Greek labor is not yet so pessimistic as to give up the fight. What it recognizes (which its American counterparts do not) is that somebody will control the government. If labor – the demos – loses its spirit, power will be relinquished to foreign creditors to dictate public policy by default. And the more the bankers’ interest is served, the worse and more debt-burdened the economy will become. Their gain is bought at the price of domestic austerity. Scheduled payouts by Greek pension funds and government social spending programs must be to replenish German and other European bank capital.


www.counterpunch.com...

This guy seems to be predicting the end of things for these countires in holding massive deficits. They WILL BE forced to turn to the IMF, European Union such as Greece, Latvia, Estonia and Iceland have been forced to do. As a result savage cuts will be made to their public spending, which means job losses, pension cuts, wage cuts. Also included will be the selling off of any remaining state assets and we will basically see the end of these countries as 'states' run by their elected leaders and the coming to power of the oligrachs in the IMF and European Union.

This kind of shock therapy is outlined in Naomi Klein's highly readable ' The Shock Doctrine'.


That evidently is what stock markets around the world anticipated when they soared on Monday morning at the news of Europe’s trillion-dollar bailout. What really was bailed out is the principle that economies should be stripped so that finance capital may rule. But the fight surely is not yet over.

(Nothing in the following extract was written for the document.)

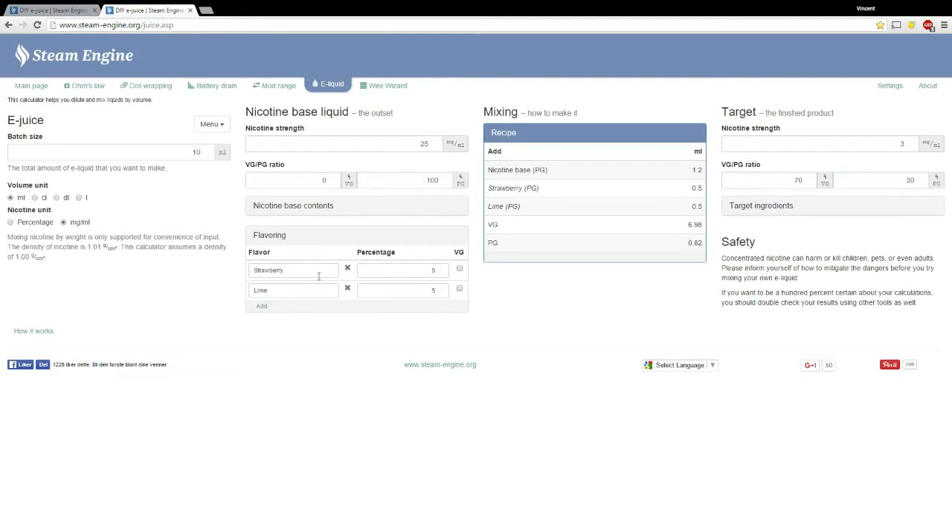I actually have the blend I'm going to try — I wanted to make a strawberry lime blend. We're doing a 10 milliliter batch, five of each flavor. I'm doing three milligrams per mil, 70 VG / 30 PG. Sounds like my cat's getting pretty pissed off — I had to lock it in my room for this and she is scratching the door, so let me adjust my camera.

It will escalate for the remainder of the 2010s, because it is nothing less than an attempt to roll back the history of the 19th and 20th century’s struggle to replace the power of vested property and financial interests with principles of progressive taxation and public enterprise.

Is this where Western civilization really is supposed to be leading? Confronted by parliaments controlled by aristocracies, the 19th-century reformers sought to take them over on behalf of democracy. Classical political economy was a reform program to tax away the “free lunch” of land rents, monopoly rents and financial interest extraction. John Maynard Keynes celebrated this program in his gentle term, “euthanasia of the rentiers.”


www.counterpunch.com...

This guy seems to be no mug. Michael Hudson is Chief Economic Advisor to the Reform Task Force Latvia (RTFL) www.rtfl.lv... He is the author of America's Protectionist Takeoff. His website is michael-hudson.com.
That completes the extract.